### Work request
The full listing is to be transcribed exactly, with each picture left out.

──────── Dataset records ────────

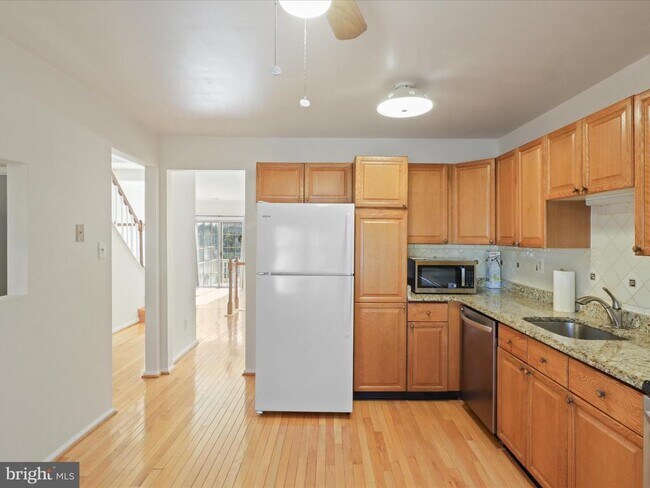 Building Photo - 6751 Cardinal Woods Ct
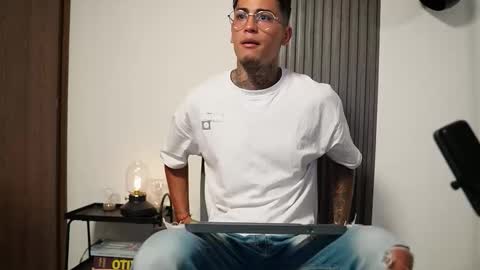 Agustin online show from 10-14-25, 08:09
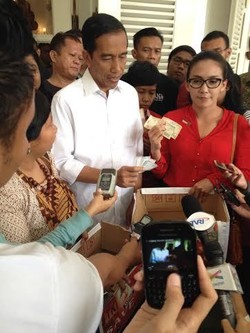 Jokowi Sumbang Rp 10 Ribu untuk Satinah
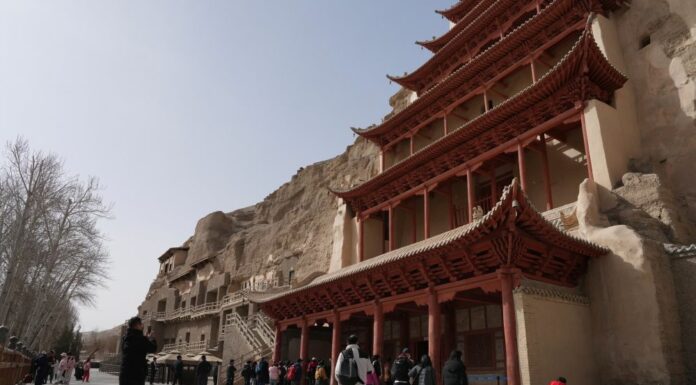 Cina, donazioni rafforzano sforzi di conservazione di Grotte di Dunhuang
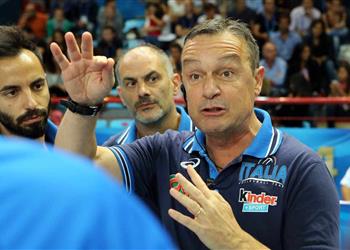 اتحاد الطائرة يتوصل إلى اتفاق مع ماركو بونيتا لتدريب منتخب مصر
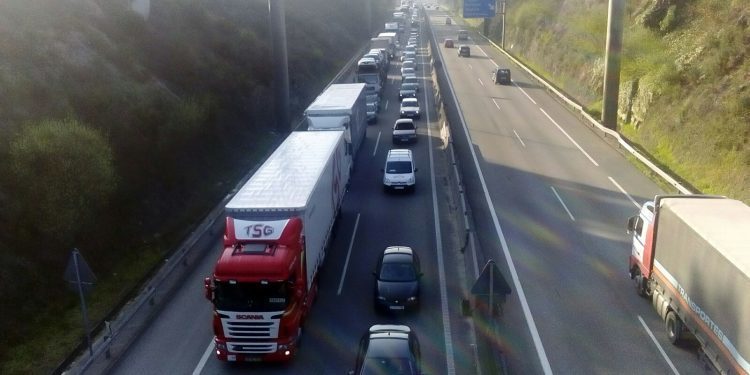 Accidente con heridos y retenciones en Mos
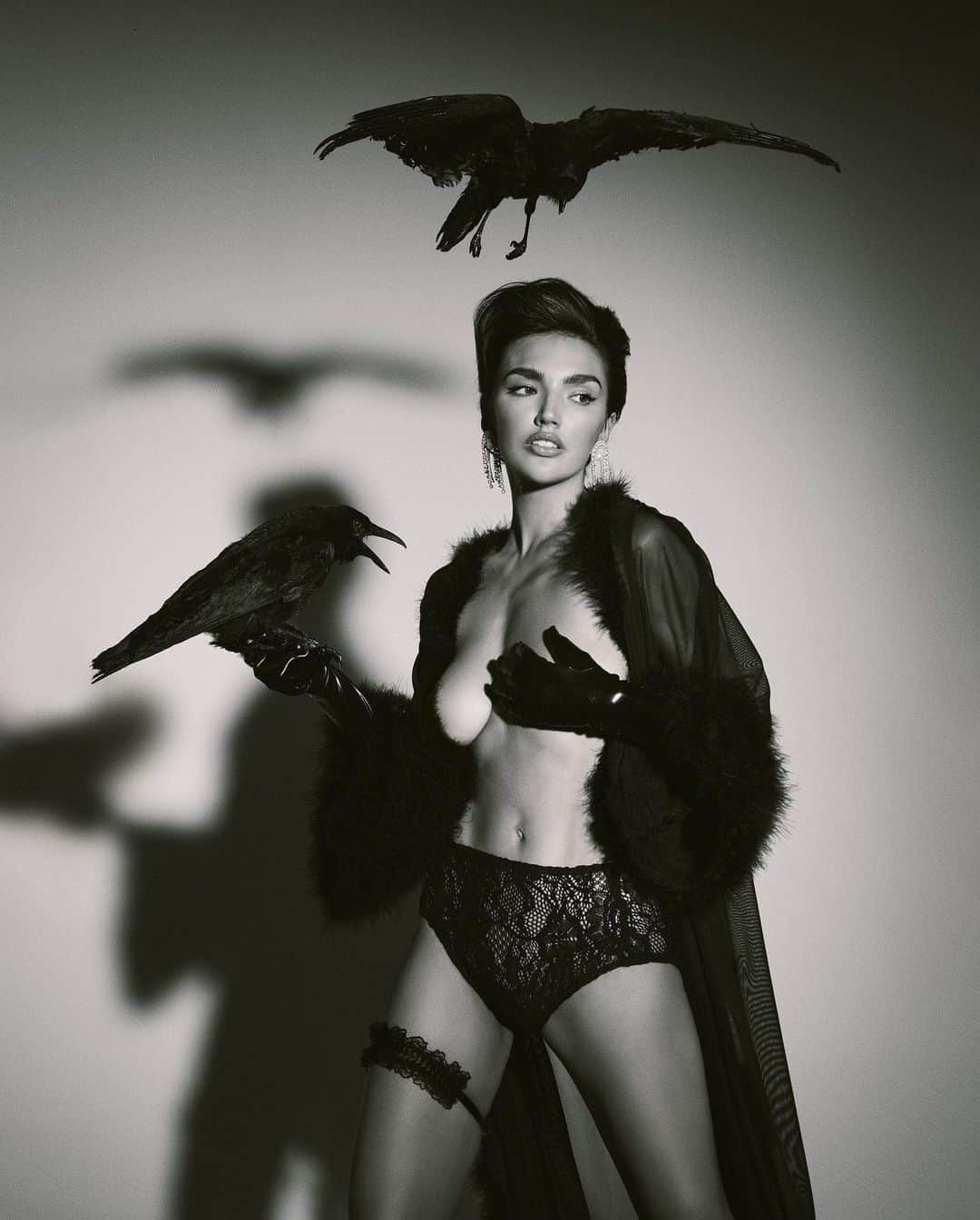 プレイボーイのインスタグラム：「Time to start planning your Halloween fits 🐦  Featuring Spring 2021 Playmate @haileebobailee. See her more exclusive content on the @playboycenterfold link in bio.  Photographed by @brianziff」
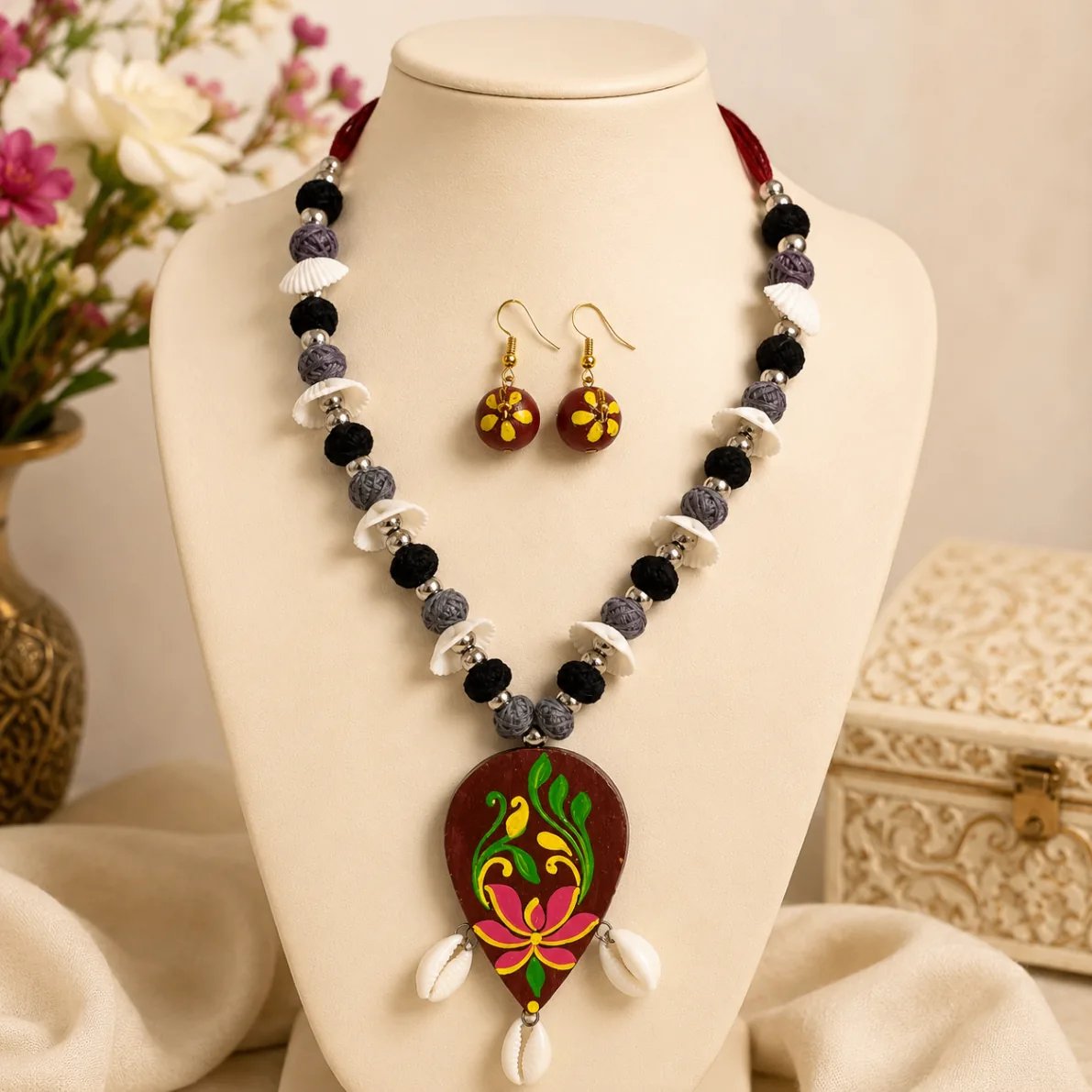 Hand Painted Floral Cowrie Shell Necklace Set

────────

### Result
 Building Photo - 6751 Cardinal Woods Ct
 Agustin online show from 10-14-25, 08:09
 Jokowi Sumbang Rp 10 Ribu untuk Satinah
 Cina, donazioni rafforzano sforzi di conservazione di Grotte di Dunhuang
 اتحاد الطائرة يتوصل إلى اتفاق مع ماركو بونيتا لتدريب منتخب مصر
 Accidente con heridos y retenciones en Mos
 プレイボーイのインスタグラム：「Time to start planning your Halloween fits 🐦  Featuring Spring 2021 Playmate @haileebobailee. See her more exclusive content on the @playboycenterfold link in bio.  Photographed by @brianziff」
 Hand Painted Floral Cowrie Shell Necklace Set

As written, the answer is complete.